- **Items from a data source**
____

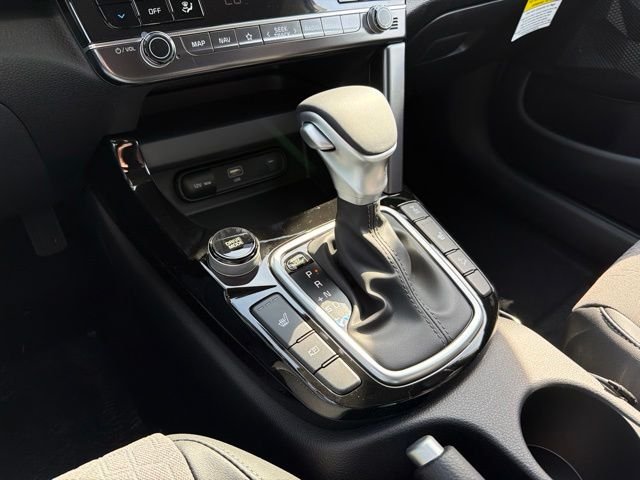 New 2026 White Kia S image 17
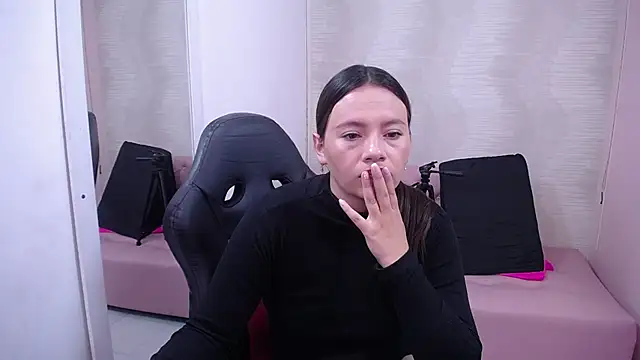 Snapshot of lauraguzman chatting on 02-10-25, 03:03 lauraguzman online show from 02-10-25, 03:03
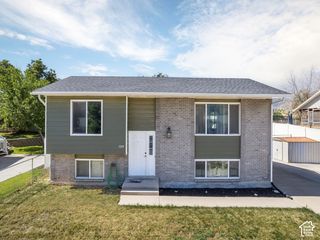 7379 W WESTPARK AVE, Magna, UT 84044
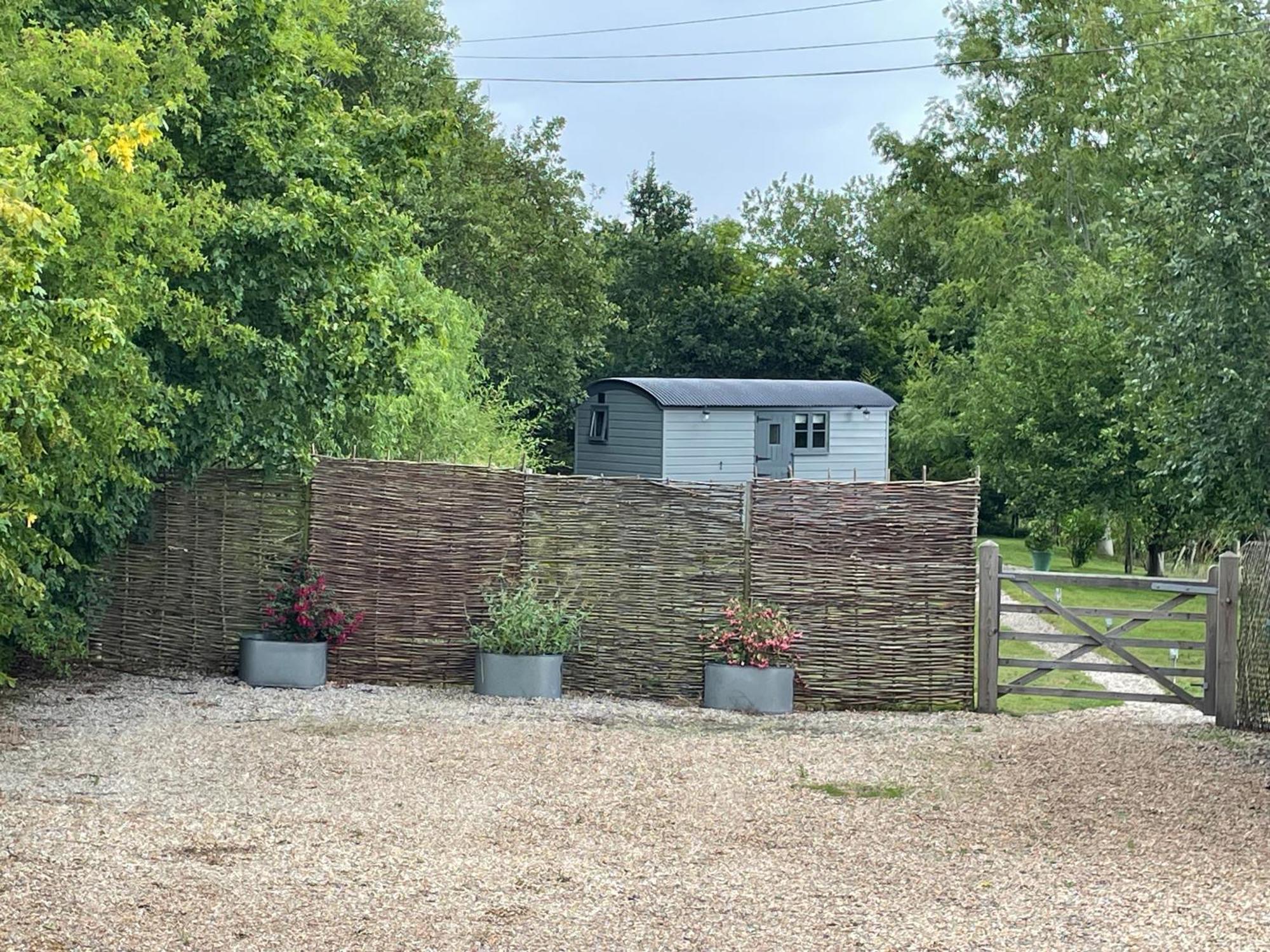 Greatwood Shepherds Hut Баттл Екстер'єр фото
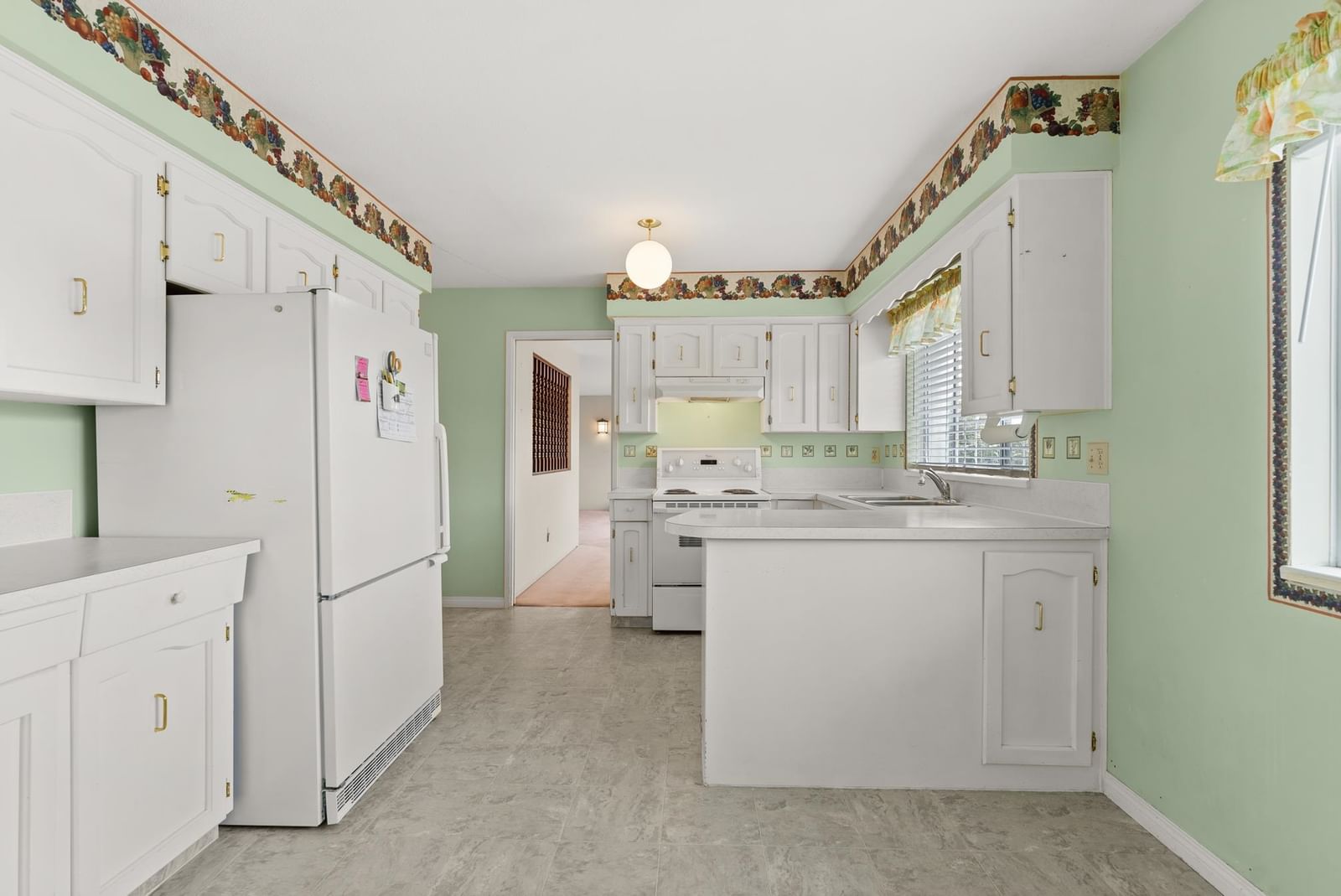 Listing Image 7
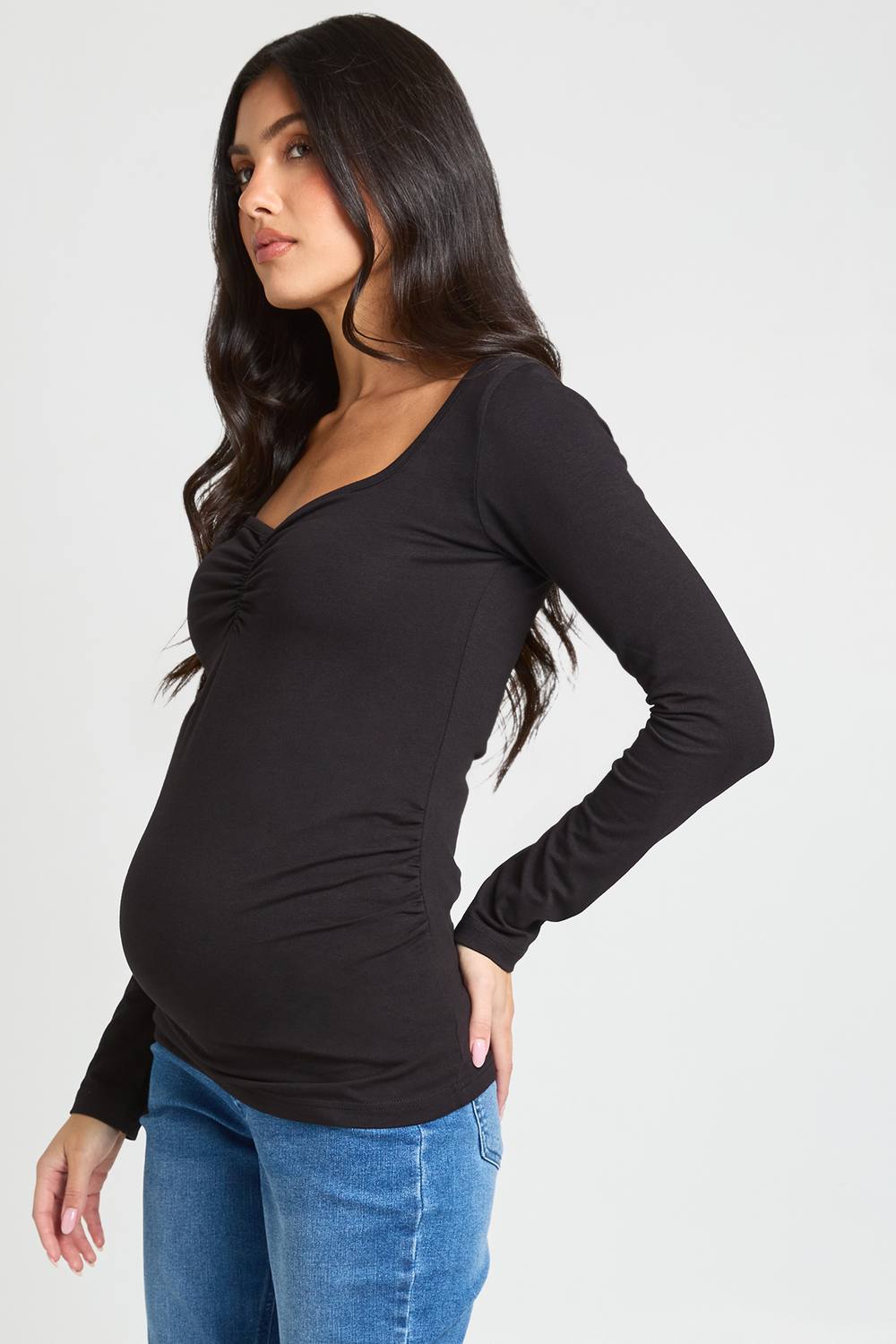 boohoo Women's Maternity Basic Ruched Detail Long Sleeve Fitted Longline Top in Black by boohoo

____

- **PROBLEM TO WORK ON**
With all pictures excluded, output exactly the lines from the one containing "Listing Image 7" through the final line of the entries, inclusive.

- **RESPONSE**
 Listing Image 7
 boohoo Women's Maternity Basic Ruched Detail Long Sleeve Fitted Longline Top in Black by boohoo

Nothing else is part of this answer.